## About this exercise
Apart from the images, reproduce every record word for word.

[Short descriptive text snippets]
Content starts
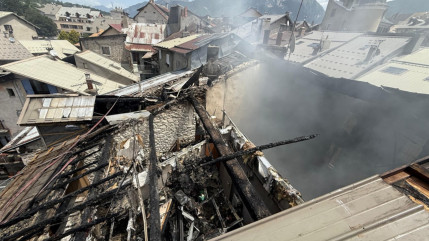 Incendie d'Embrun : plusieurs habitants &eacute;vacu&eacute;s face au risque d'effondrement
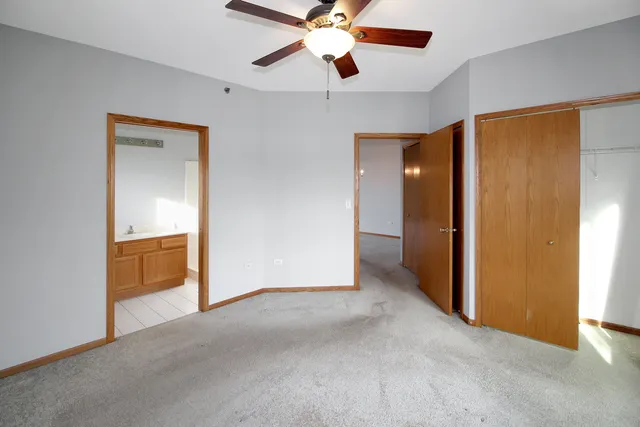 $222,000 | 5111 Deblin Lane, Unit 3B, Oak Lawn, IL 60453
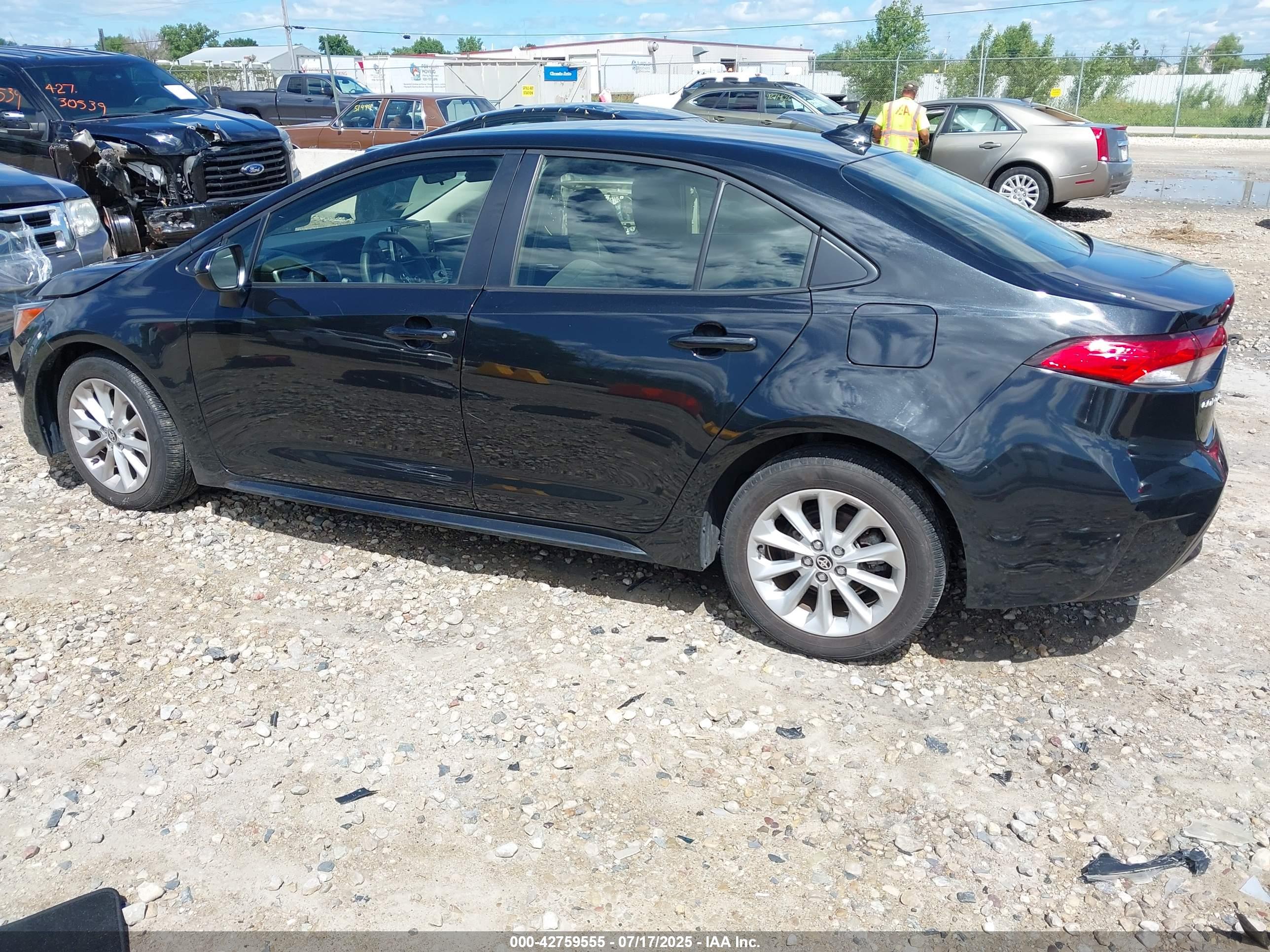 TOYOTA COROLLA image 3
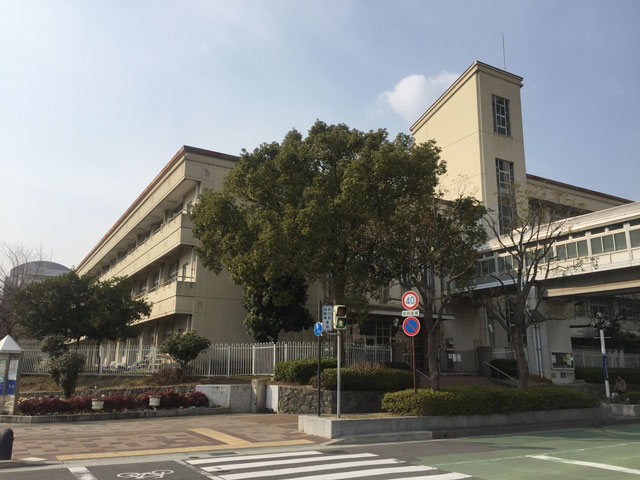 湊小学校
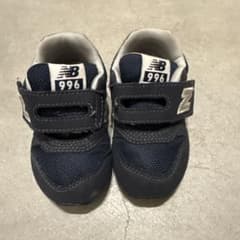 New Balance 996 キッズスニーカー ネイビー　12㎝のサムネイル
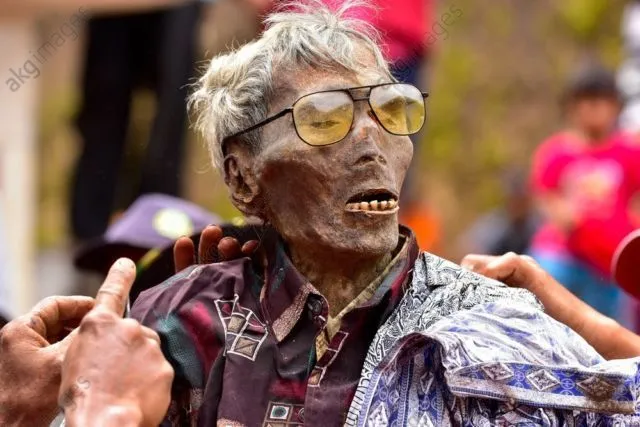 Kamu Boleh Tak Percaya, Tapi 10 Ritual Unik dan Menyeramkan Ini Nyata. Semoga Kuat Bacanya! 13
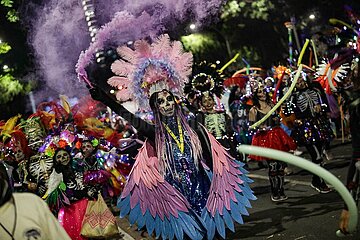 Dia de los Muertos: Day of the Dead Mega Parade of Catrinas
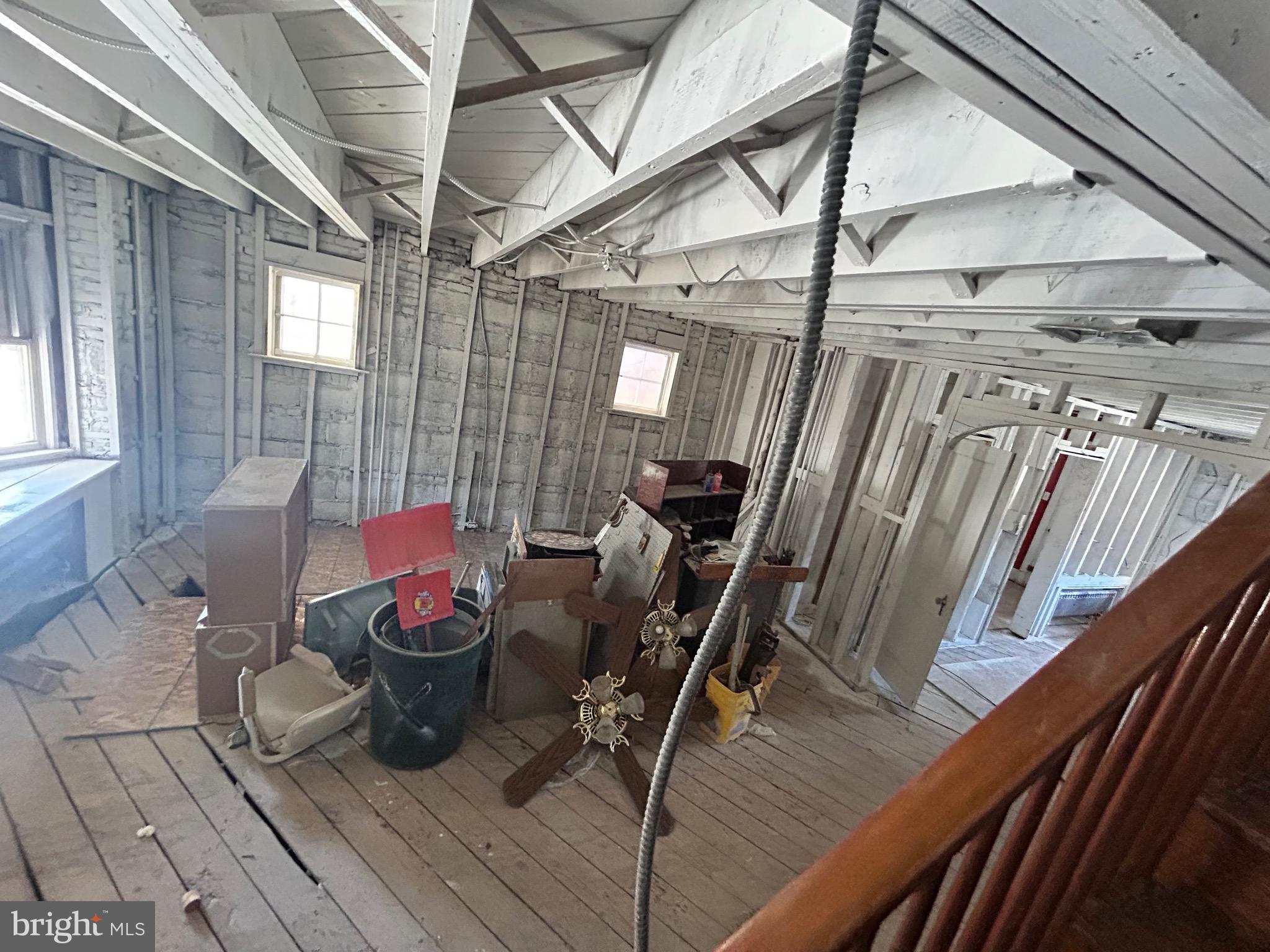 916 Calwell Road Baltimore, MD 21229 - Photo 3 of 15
Content ends
## Solution to the problem
 Incendie d'Embrun : plusieurs habitants &eacute;vacu&eacute;s face au risque d'effondrement
 $222,000 | 5111 Deblin Lane, Unit 3B, Oak Lawn, IL 60453
 TOYOTA COROLLA image 3
 湊小学校
 New Balance 996 キッズスニーカー ネイビー　12㎝のサムネイル
 Kamu Boleh Tak Percaya, Tapi 10 Ritual Unik dan Menyeramkan Ini Nyata. Semoga Kuat Bacanya! 13
 Dia de los Muertos: Day of the Dead Mega Parade of Catrinas
 916 Calwell Road Baltimore, MD 21229 - Photo 3 of 15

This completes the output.